Control Parameters

The dynamo code uses the following non-dimensional parameter definitions:

Ekman Number

$$ \text{Ek} = \frac{\nu}{\Omega D^2}, $$ where \(\nu\) is kinematic viscosity, \(\Omega\) is the rate of rotation, and \(D\) is the shell thickness.

Prandtl Number

$$ \text{Pr} = \frac{\nu}{\kappa}, $$ where \(\nu\) is kinematic viscosity, and \(\kappa\) is thermal diffusivity.

Set using d_Pr.

Schmidt Number (Compositional Prandtl)

$$ Sc = \frac{\nu}{\kappa_\xi} $$ where \(\nu\) is kinematic viscosity, and \(\kappa_\xi\) is the compositional diffusivity.

Set using d_Sc.

Magnetic Prandtl Number

$$ \text{Pm} = \frac{\nu}{\eta}, $$ where \(\nu\) is kinematic viscosity, and \(\eta\) is magnetic diffusivity.

Set using d_Pm.

Thermal Rayleigh Number

Determines the amount of thermal driving in the momentum equation. Set using d_Ra.

Fixed Temperature

\[ \text{Ra}_T = \frac{\alpha g_0 \Delta T D^4}{r_o\kappa \nu }, \]

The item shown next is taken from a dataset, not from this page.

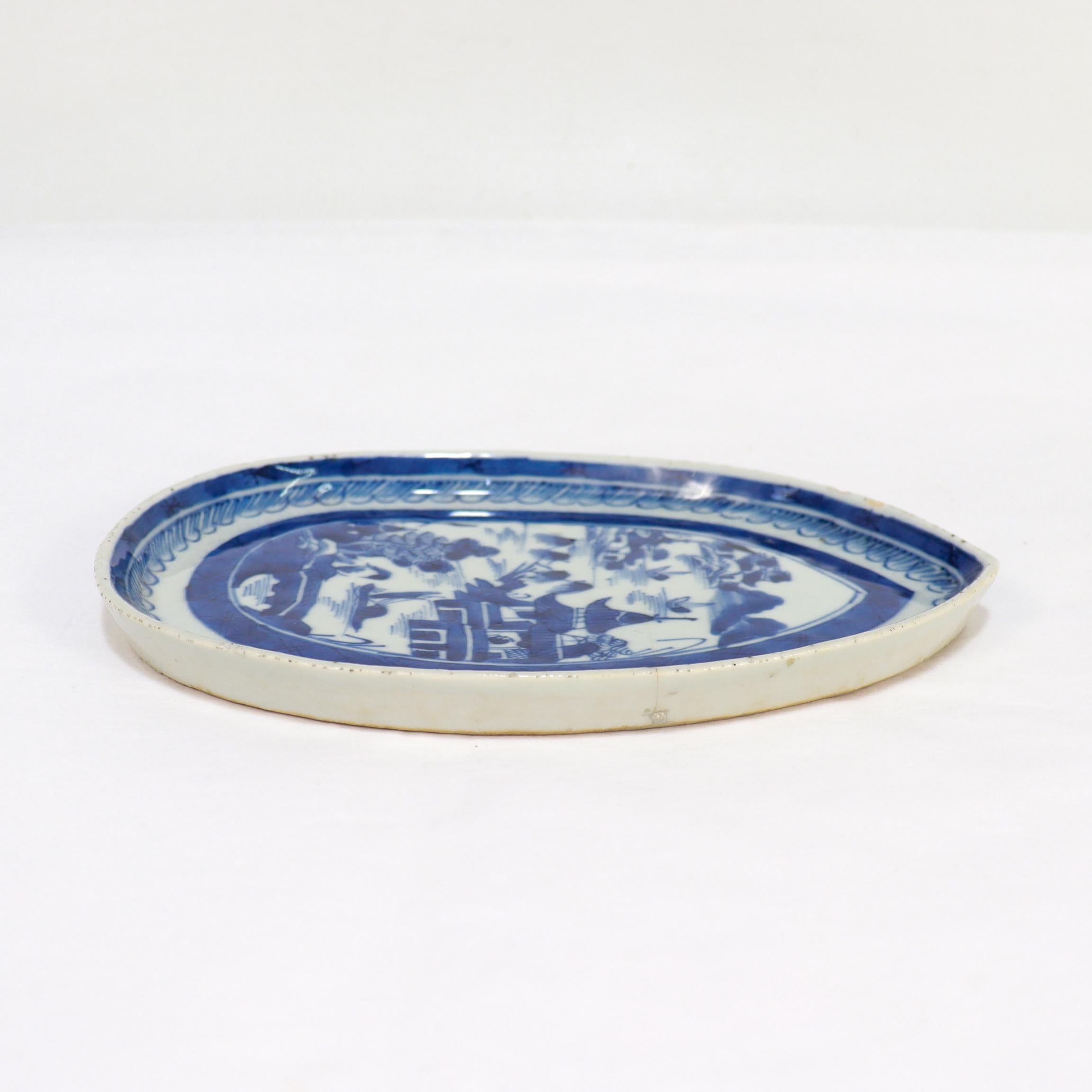 Antique Chinese Export Blue & White Canton Porcelain Leaf Dish or Vide Poche For Sale 3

where \(\alpha\) is the coefficient of thermal expansion, \(g_0\) is acceleration due to gravity, \(\Delta T\) is the temperature difference between inner and outer boundaries, \(D\) is the shell thickness, \(r_o\) is the dimensional outer radius, \(\kappa\) is the thermal diffusivity, and \(\nu\) is the kinematic viscosity.

Fixed Flux

\[ \text{Ra}_T = \frac{\alpha g_0 \beta D^3}{r_o\kappa \nu }, \]

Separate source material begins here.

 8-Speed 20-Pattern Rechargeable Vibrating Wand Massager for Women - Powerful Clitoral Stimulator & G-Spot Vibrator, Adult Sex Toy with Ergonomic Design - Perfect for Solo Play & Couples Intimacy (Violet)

where \(\alpha\) is the coefficient of thermal expansion, \(g_0\) is acceleration due to gravity, \(\beta\) is a temperature scale divided by the shell thickness, \(D\) is the shell thickness, \(r_o\) is the dimensional outer radius, \(\kappa\) is the thermal diffusivity, and \(\nu\) is the kinematic viscosity.

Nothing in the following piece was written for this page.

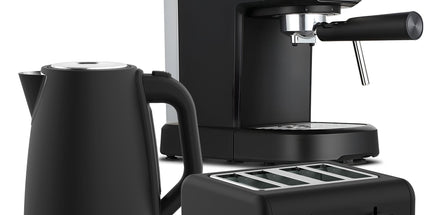 Pronti Breakfast Set with 1.25L Coffee Machine, Silver Noir Toaster & Kettle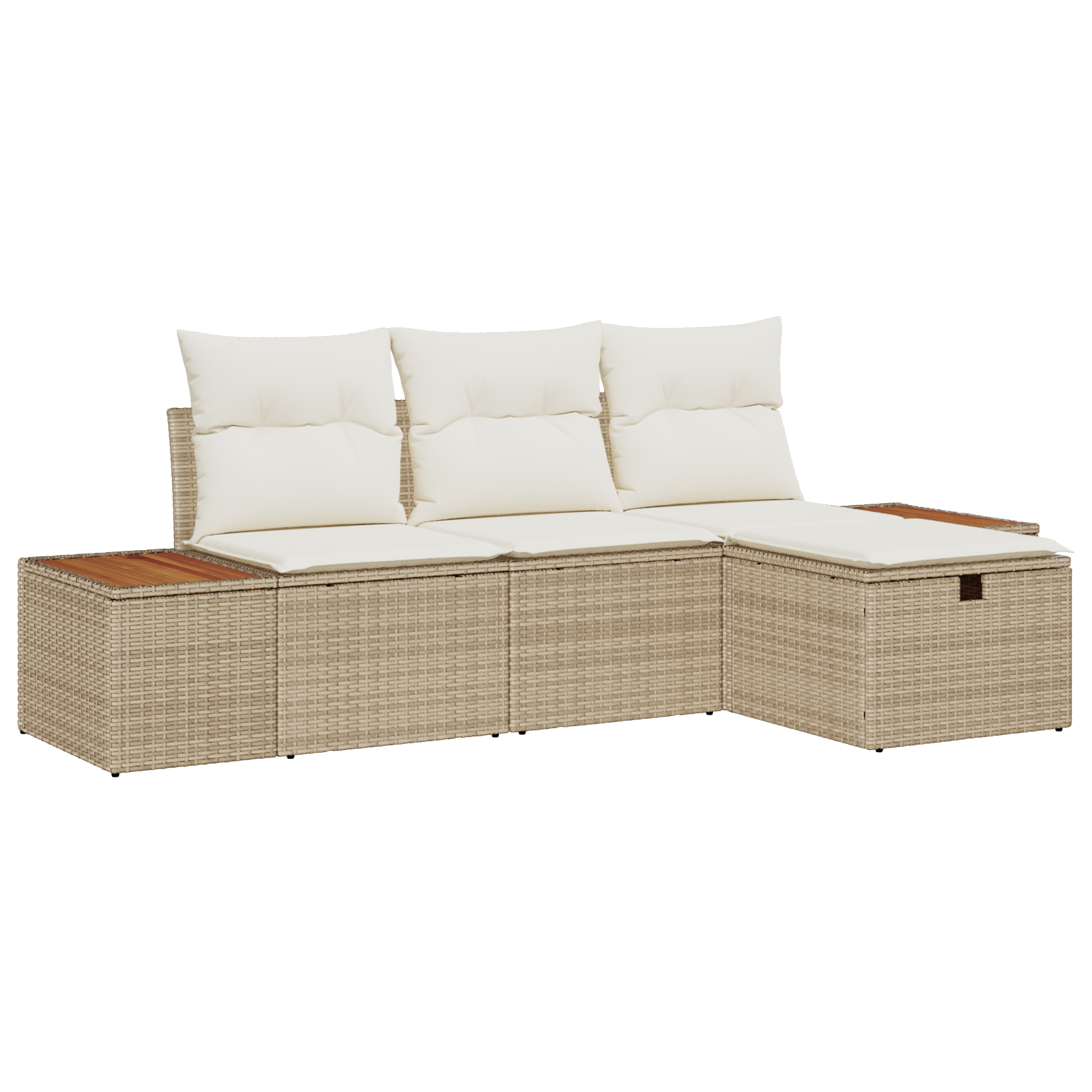 4-delige Tuinbankenset met kussens poly rattan beige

\(\beta\) is used in the fixed flux case as \(\Delta T\) can not be known A priori, it is derived from solving the conduction problem in the sphere.

Compositional Rayleigh Number

Set using d_Ra_comp.

Fixed Composition

\[ \text{Ra}_\xi = \frac{\alpha_\xi g_0 \Delta \xi D^4}{r_o\kappa_\xi \nu }, \]

where \(\alpha_\xi\) is the coefficient of chemical expansion, \(g_0\) is acceleration due to gravity, \(\Delta \xi\) is the compositional difference between inner and outer boundaries, \(D\) is the shell thickness, \(r_o\) is the dimensional outer radius, \(\kappa_\xi\) is the compositional diffusivity, and \(\nu\) is the kinematic viscosity.

Fixed flux

\[ \text{Ra}_\xi = \frac{\alpha_\xi g_0 \beta_\xi D^3}{r_o\kappa_\xi \nu }, \]

where \(\alpha_\xi\) is the coefficient of chemical expansion, \(g_0\) is acceleration due to gravity, \(\beta_\xi\) is a compositional scale divided by the shell thickness, \(D\) is the shell thickness, \(r_o\) is the dimensional outer radius, \(\kappa_\xi\) is the compositional diffusivity, and \(\nu\) is the kinematic viscosity.

\(\beta_\xi\) is used in the fixed flux case as \(\Delta \xi\) can not be known A priori, it is derived from solving the diffusion problem in the sphere.